### [WORK ORDER]
A complete answer retypes each of the records below precisely and includes none of the pictures.

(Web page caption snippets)

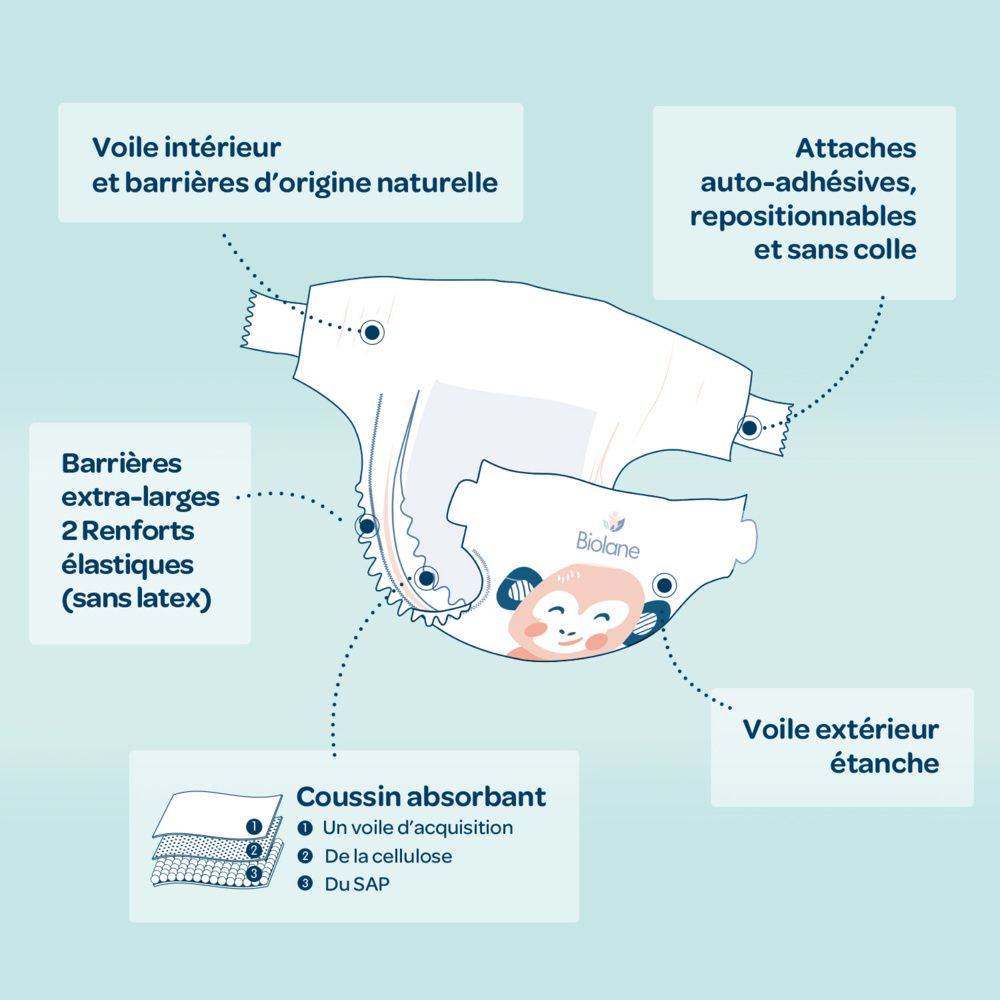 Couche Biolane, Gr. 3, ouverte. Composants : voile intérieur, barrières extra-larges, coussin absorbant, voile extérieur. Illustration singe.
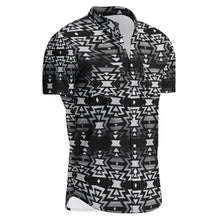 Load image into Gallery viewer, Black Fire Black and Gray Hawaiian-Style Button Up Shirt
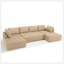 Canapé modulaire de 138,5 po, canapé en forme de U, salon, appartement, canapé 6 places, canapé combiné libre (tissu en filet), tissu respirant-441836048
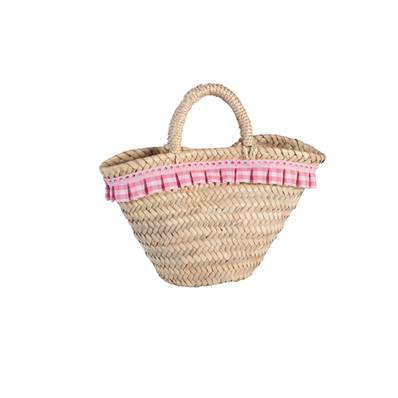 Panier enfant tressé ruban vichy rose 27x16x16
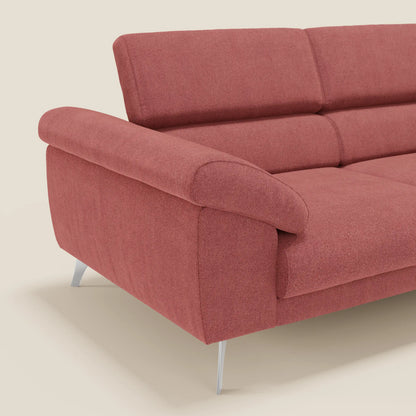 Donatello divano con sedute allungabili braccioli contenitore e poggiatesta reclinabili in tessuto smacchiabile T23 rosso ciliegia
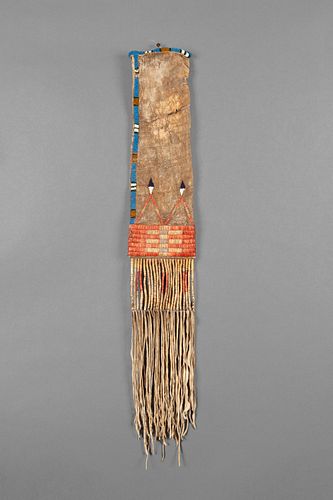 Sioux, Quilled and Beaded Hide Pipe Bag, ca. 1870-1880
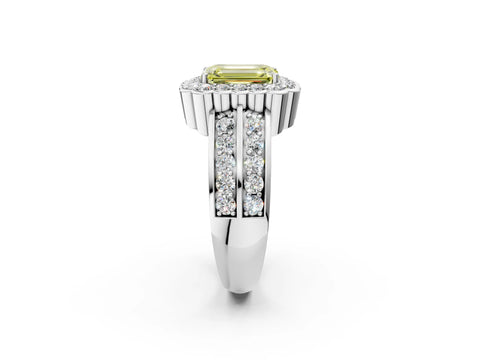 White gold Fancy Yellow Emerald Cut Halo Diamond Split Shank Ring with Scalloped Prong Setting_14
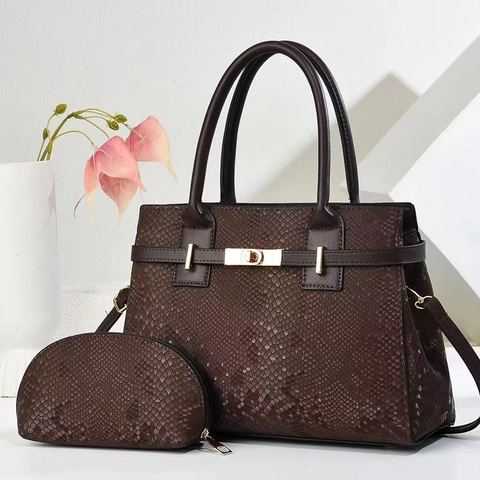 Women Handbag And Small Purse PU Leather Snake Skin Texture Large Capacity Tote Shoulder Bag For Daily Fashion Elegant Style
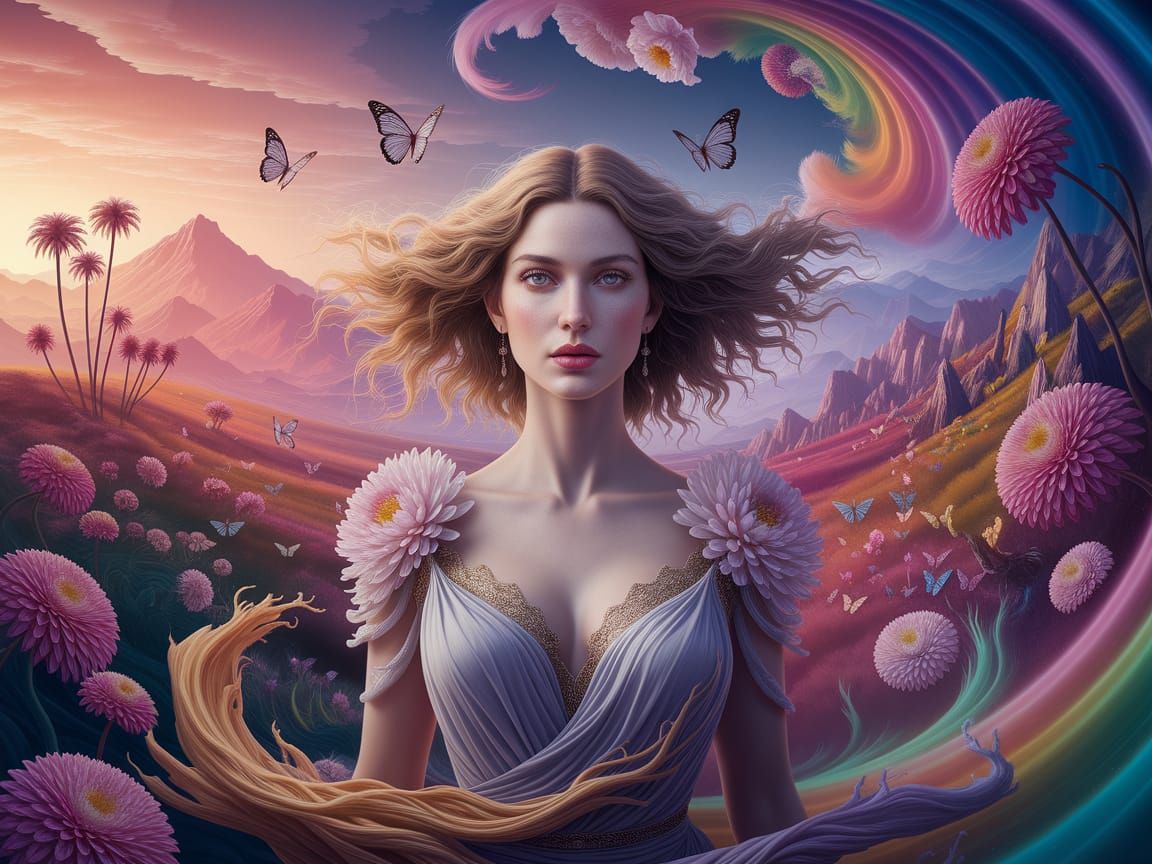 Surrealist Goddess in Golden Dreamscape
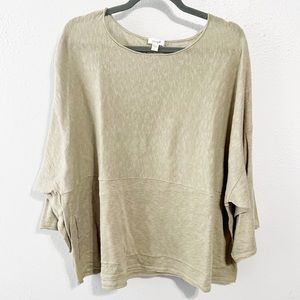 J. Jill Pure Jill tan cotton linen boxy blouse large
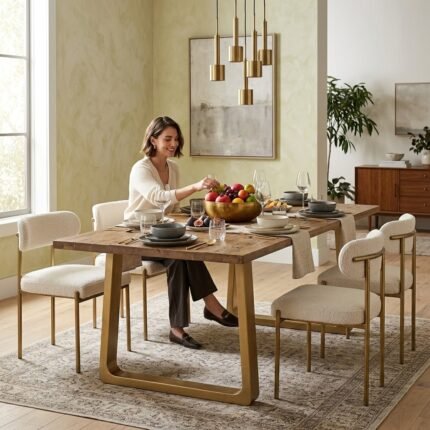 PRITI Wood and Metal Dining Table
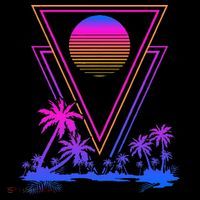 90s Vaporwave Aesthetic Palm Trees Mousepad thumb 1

### [RESULT]
 Couche Biolane, Gr. 3, ouverte. Composants : voile intérieur, barrières extra-larges, coussin absorbant, voile extérieur. Illustration singe.
 Load image into Gallery viewer, Black Fire Black and Gray Hawaiian-Style Button Up Shirt
 Canapé modulaire de 138,5 po, canapé en forme de U, salon, appartement, canapé 6 places, canapé combiné libre (tissu en filet), tissu respirant-441836048
 Panier enfant tressé ruban vichy rose 27x16x16
 Donatello divano con sedute allungabili braccioli contenitore e poggiatesta reclinabili in tessuto smacchiabile T23 rosso ciliegia
 Sioux, Quilled and Beaded Hide Pipe Bag, ca. 1870-1880
 White gold Fancy Yellow Emerald Cut Halo Diamond Split Shank Ring with Scalloped Prong Setting_14
 Women Handbag And Small Purse PU Leather Snake Skin Texture Large Capacity Tote Shoulder Bag For Daily Fashion Elegant Style
 Surrealist Goddess in Golden Dreamscape
 J. Jill Pure Jill tan cotton linen boxy blouse large
 PRITI Wood and Metal Dining Table
 90s Vaporwave Aesthetic Palm Trees Mousepad thumb 1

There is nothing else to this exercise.